A method and apparatus for deriving depth data for a scene from monocular images by: receiving monocular image data containing at least a pair of images: a first image of a scene in a first illumination condition and a second image of the scene in a second illumination condition different from the first illumination condition. Processing a difference of the first image and second image to produce a difference image and determining an intensity of scattered and/or reflected light from portions of the scene based on the difference image. Then deriving a depth map comprising depth level information for the portions of the scene based on the determined intensity of scattered and/or reflected light from said portions of the scene.

Description

METHOD AND SYSTEM FOR SUPPORTING 3D PERCEPTION FROM
MONOCULAR IMAGES
BACKGROUND
[0001] Stereoscopic rendering based content and services are now available on television sets, in computer games, and via Augmented Reality (AR) or Virtual Reality (VR) glasses. Even modem mobile phones provide for certain types of stereoscopic rendering.
[0002] While the applications employing stereoscopic rendering have increased, there are still many hurdles involved in such offerings. They require complex stereoscopic scene capture, content production and delivery. Further, current stereoscopic rendering techniques may result in discomfort when viewing stereoscopic (S3D) displays.

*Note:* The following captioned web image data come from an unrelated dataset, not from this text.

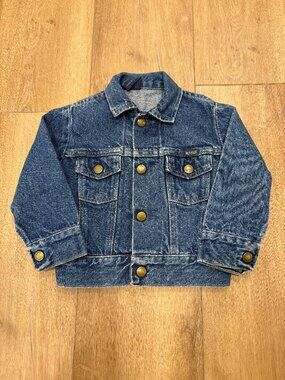 VTG! 90'S 🌟 RUSTLER 🌟 TODDLER 100% COTTON JEAN DENIM JACKET 2T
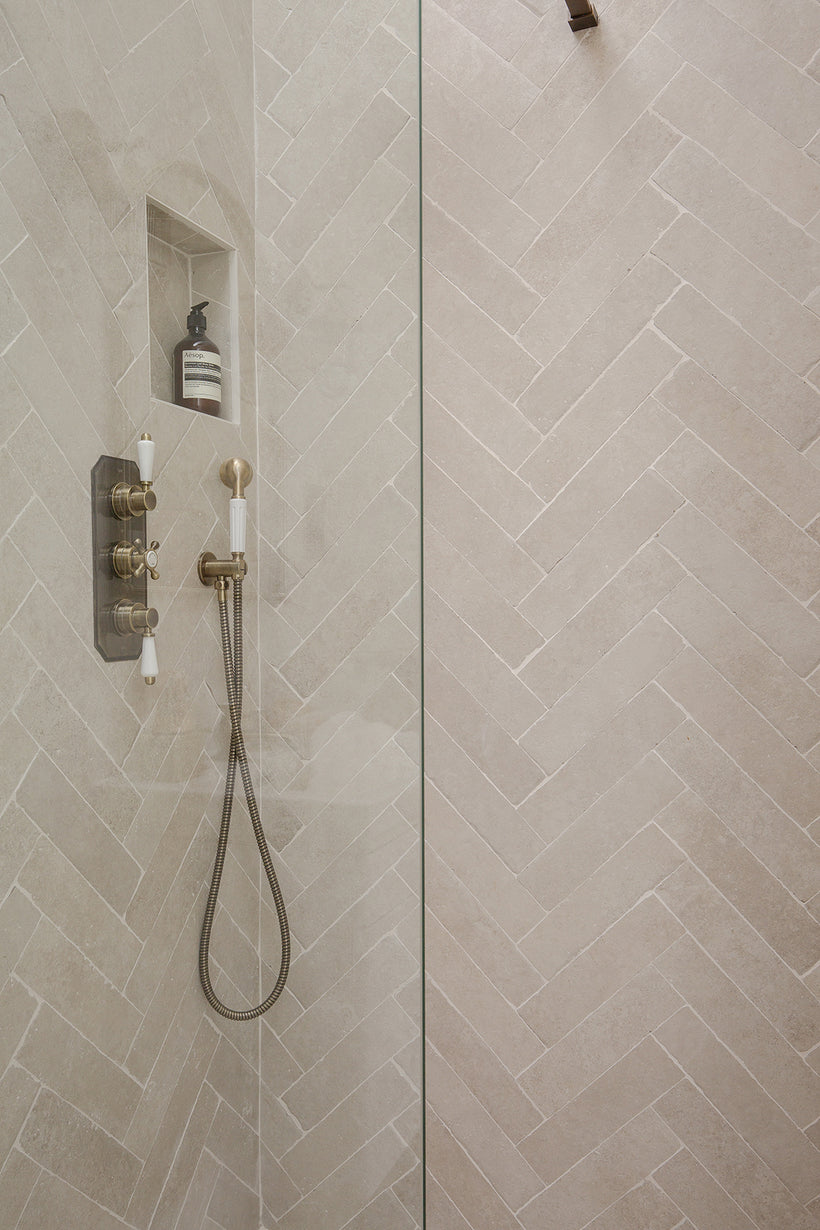 Dijon Rendition® by QS Stone Effect Porcelain Herringbone Tiles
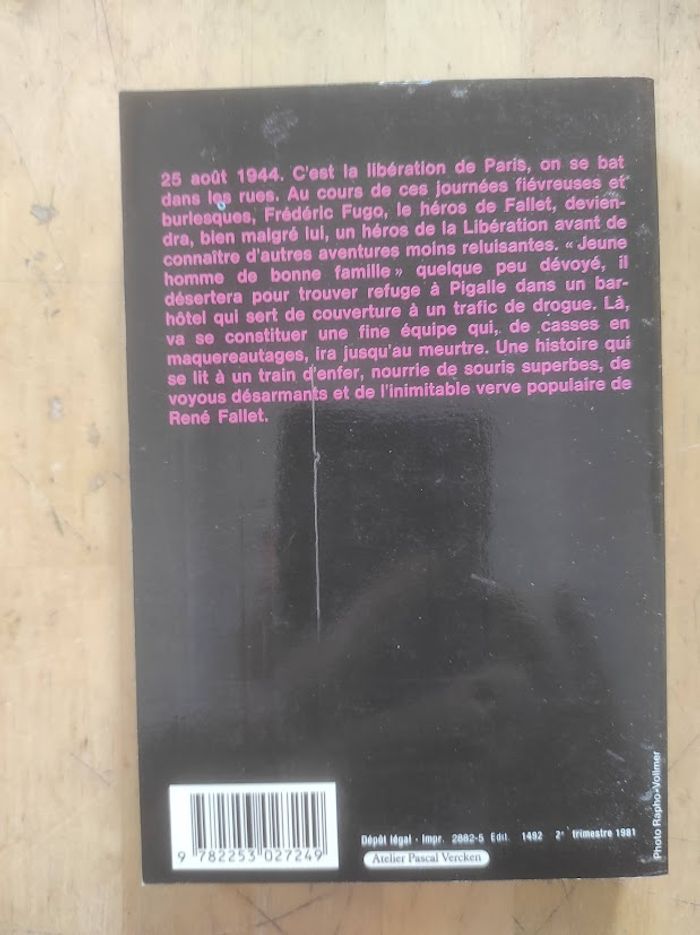 Pigalle René Fallet Livre de Poche 1981 - photo numéro 3
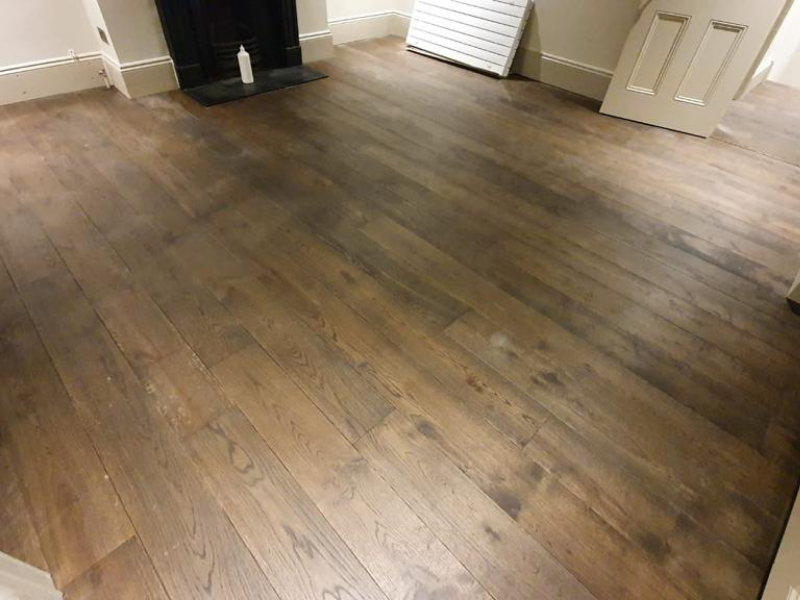 Staki Oak Ebony Wood Flooring in Pimlico, Home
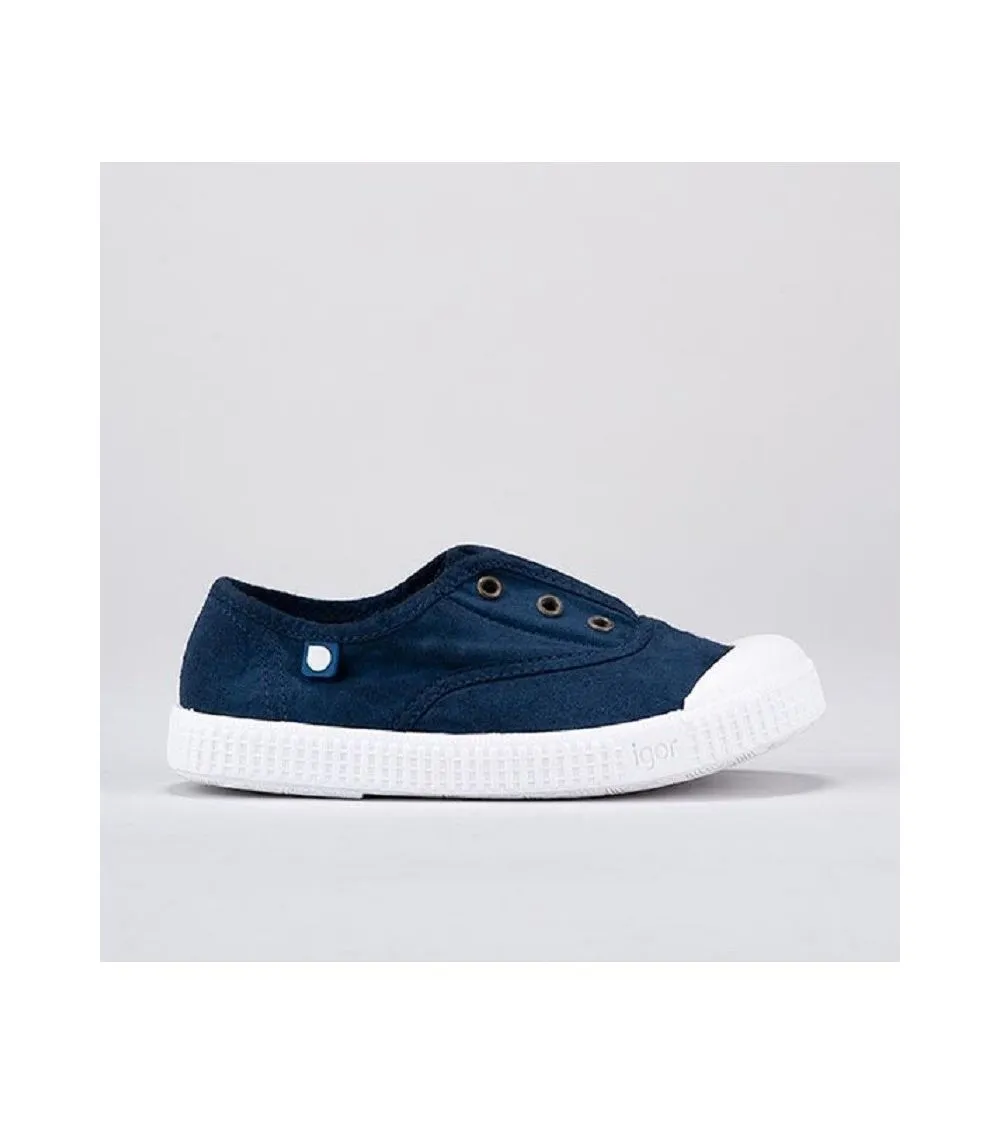 ZAPATILLAS LONA AZUL MARINO IGOR BERRI ELÁSTICO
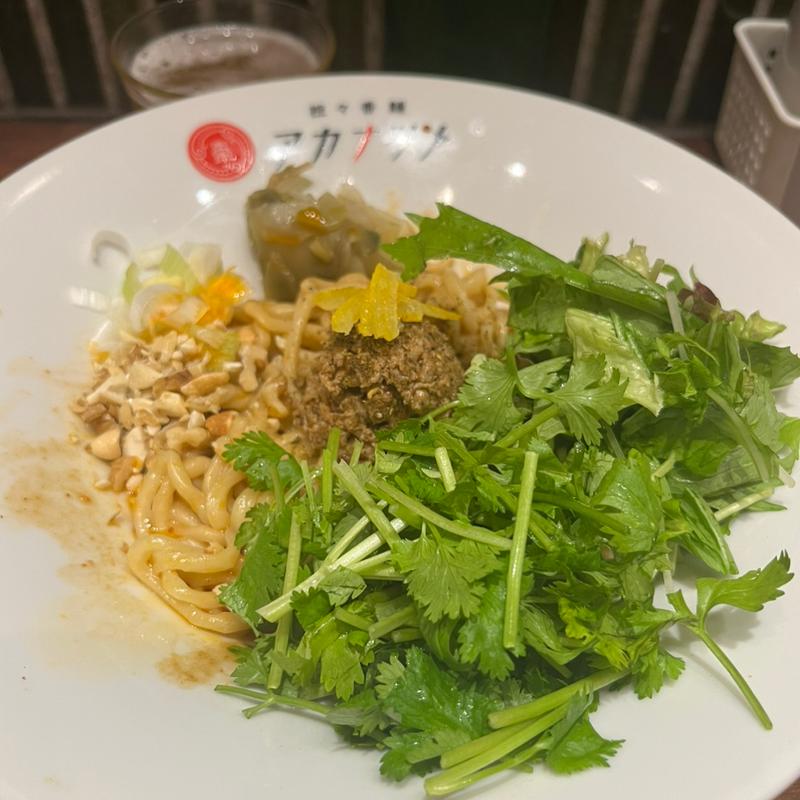 汁無し担々麺(担々香麺 紅棗（タンタンコウメン アカナツメ）大手町店)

[0003] This discomfort when viewing S3D content is due at least in part to the fact that present displays force a viewer to accommodate or focus on one display surface, although at the same time, the viewer’s eyes are choosing image details with varying vergence. In other words the current displays force a user to assume varying levels of eye- cross, forcing a user to go cross-eyed. In contrast, within real-world viewing, focus and vergence are strongly related.
[0004] Multiple focal plane (MFP) displays avoid this vergence-accommodation conflict (VAC) by rendering each scene detail on a focal plane close to its real distance/depth. However, in addition to challenging optical arrangements for display, MFP display requires capturing depth corresponding to each image pixel. That is, MFP displays must know depth properties of a captured scene.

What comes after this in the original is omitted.